Armando Solar-Lezama, MIT
For these reasons, the job of a programmer seems at the moment a reasonable bet for the future. Despite the advances in software automation thus far, programmer employment is growing. The only certainty is that in the future there will be more code, largely thanks to the agility that AI allows, but no less programmers. “I predict that we will continue to hire more people, regardless of advances in AI,” says Lemire. “Jobs will be different, even brand new, but there won’t be a dip anytime soon because of artificial intelligence. Students who aspire to a career in the software industry need to stay the course,” she adds.
The efficiency of programmers, not their replacement, will be the great advantage of this revolution, according to Stephen Piccolo, a professor at Brigham Young University (USA): “Surely some companies will hire less, at least initially, while the implications are understood of technology. But in the near future, this technology will make programmers more efficient instead of replacing them.”
Another of the repeated aspirations that AI could allow is programming in natural language: asking ChatGPT in Spanish to write the necessary code to create an application, a website or a graphic. Although something can be done, it will also be limited in scope for now. “Natural languages are full of ambiguities,” says Emily Morgan, Professor of Linguistics at the University of California Davis and co-author of an article on how these systems find computer bugs. “On the contrary, programming languages have to be unambiguous. So we want our programming languages to be unambiguous.”

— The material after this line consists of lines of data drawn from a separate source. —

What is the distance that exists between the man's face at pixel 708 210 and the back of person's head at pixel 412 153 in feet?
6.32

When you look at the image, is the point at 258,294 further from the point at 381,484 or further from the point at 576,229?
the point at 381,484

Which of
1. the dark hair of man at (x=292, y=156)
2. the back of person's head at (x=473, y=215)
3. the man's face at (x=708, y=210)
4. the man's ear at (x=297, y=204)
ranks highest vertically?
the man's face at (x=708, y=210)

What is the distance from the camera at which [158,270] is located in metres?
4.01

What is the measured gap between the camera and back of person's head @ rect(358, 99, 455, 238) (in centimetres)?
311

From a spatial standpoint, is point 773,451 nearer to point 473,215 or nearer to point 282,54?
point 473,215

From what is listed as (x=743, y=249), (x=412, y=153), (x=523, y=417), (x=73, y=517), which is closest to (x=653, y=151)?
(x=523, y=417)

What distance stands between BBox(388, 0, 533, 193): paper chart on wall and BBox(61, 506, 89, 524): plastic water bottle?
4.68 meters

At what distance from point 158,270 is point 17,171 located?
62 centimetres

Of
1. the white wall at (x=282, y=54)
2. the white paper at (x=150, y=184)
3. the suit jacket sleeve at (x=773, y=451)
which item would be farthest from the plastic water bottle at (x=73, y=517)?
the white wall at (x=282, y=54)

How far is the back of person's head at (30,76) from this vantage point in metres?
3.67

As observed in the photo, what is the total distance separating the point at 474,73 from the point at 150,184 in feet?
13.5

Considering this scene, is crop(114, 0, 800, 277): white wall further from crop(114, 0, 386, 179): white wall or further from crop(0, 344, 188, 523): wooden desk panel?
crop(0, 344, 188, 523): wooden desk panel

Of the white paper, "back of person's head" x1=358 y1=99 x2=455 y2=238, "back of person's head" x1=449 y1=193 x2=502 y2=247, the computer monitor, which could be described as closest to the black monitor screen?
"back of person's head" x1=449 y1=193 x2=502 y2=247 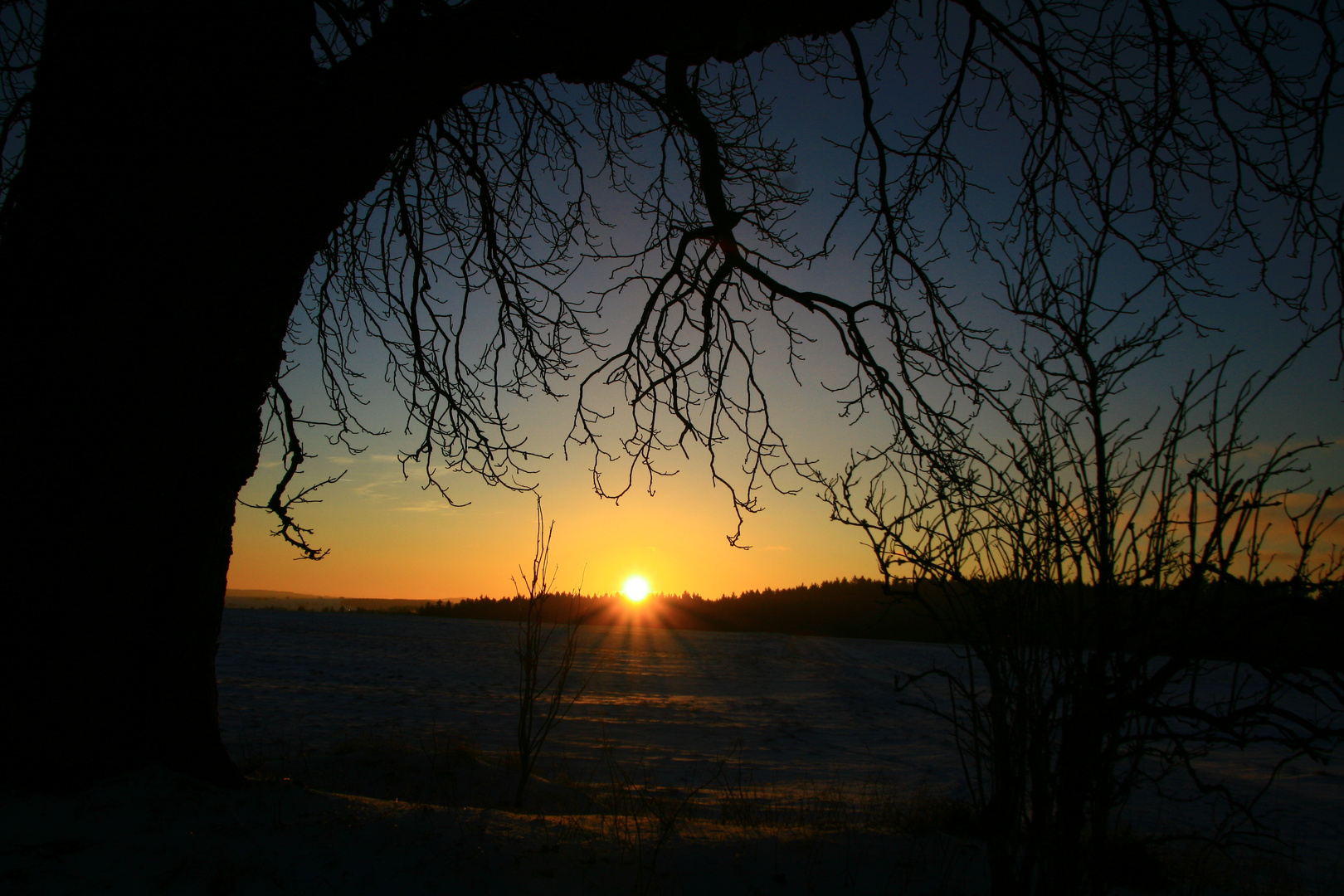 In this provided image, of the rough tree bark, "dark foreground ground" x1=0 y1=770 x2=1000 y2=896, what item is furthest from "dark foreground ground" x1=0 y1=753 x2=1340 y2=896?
the rough tree bark

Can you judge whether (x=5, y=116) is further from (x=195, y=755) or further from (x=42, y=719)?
(x=195, y=755)

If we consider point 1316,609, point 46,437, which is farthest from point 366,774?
point 1316,609

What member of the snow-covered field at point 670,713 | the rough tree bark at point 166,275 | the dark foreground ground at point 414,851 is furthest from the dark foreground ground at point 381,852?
the snow-covered field at point 670,713

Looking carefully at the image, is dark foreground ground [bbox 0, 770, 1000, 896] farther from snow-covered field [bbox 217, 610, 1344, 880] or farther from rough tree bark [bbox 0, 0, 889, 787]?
snow-covered field [bbox 217, 610, 1344, 880]

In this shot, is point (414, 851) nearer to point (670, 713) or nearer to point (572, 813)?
point (572, 813)

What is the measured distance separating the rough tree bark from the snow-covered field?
179 inches

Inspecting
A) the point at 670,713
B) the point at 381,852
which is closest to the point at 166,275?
the point at 381,852

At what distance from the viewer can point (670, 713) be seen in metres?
12.1

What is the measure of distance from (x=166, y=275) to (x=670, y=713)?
1106 centimetres

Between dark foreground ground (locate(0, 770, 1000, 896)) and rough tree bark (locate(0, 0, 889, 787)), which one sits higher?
rough tree bark (locate(0, 0, 889, 787))

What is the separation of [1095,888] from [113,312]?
13.0ft

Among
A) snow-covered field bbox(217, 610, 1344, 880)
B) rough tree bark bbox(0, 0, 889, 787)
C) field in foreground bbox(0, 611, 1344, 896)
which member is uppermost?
rough tree bark bbox(0, 0, 889, 787)

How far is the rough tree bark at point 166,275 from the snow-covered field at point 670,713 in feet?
14.9

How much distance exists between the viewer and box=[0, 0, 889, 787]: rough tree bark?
2.43 m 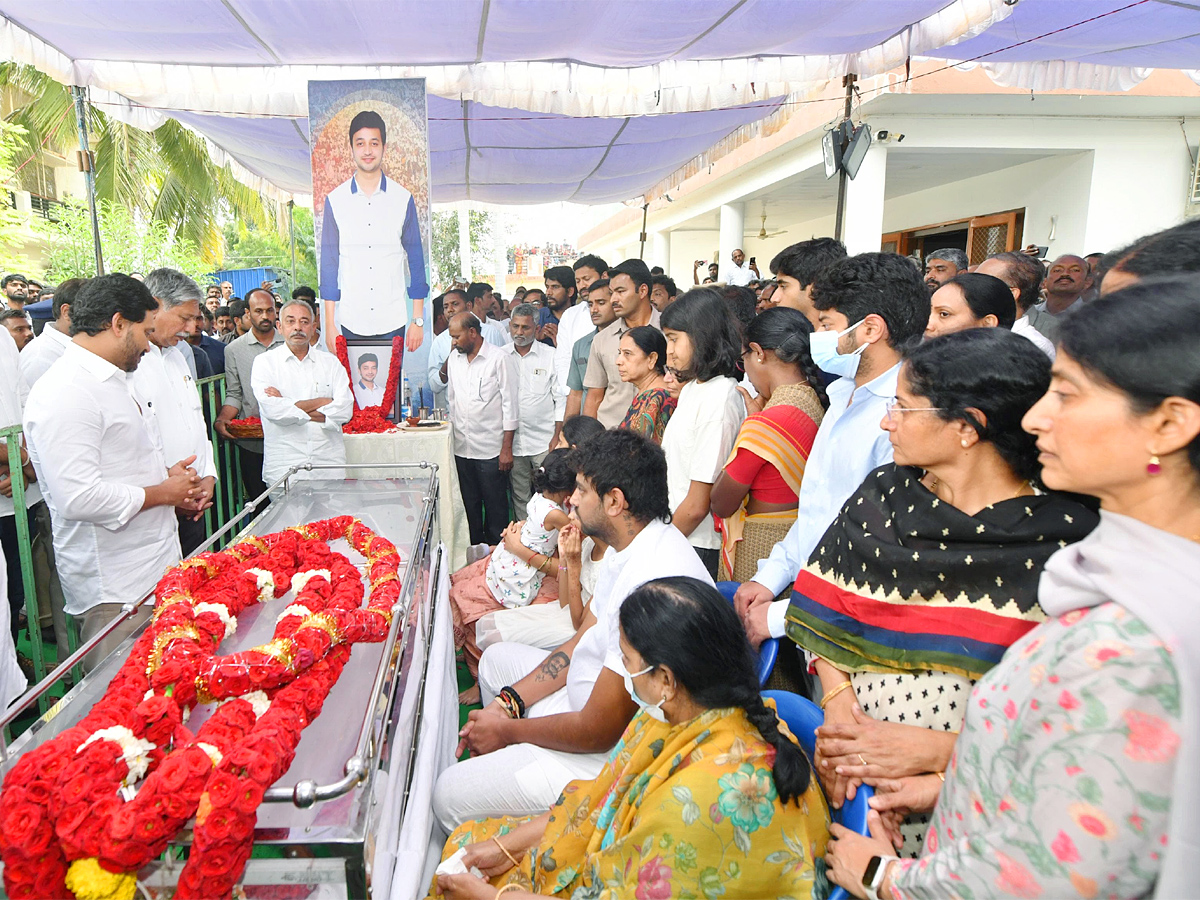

But you can request something in Spanish that ChatGPT converts into code. The problem then will be to find or iron out the problems: “We’re moving towards using natural language interfaces (like ChatGPT) to help generate much of our code,” says Morgan. And he explains: “You can ask ChatGPT things like ‘generate a template for a website’, but it will still generate code or HTML. You will need the natural language to be translated into an unambiguous programming language.”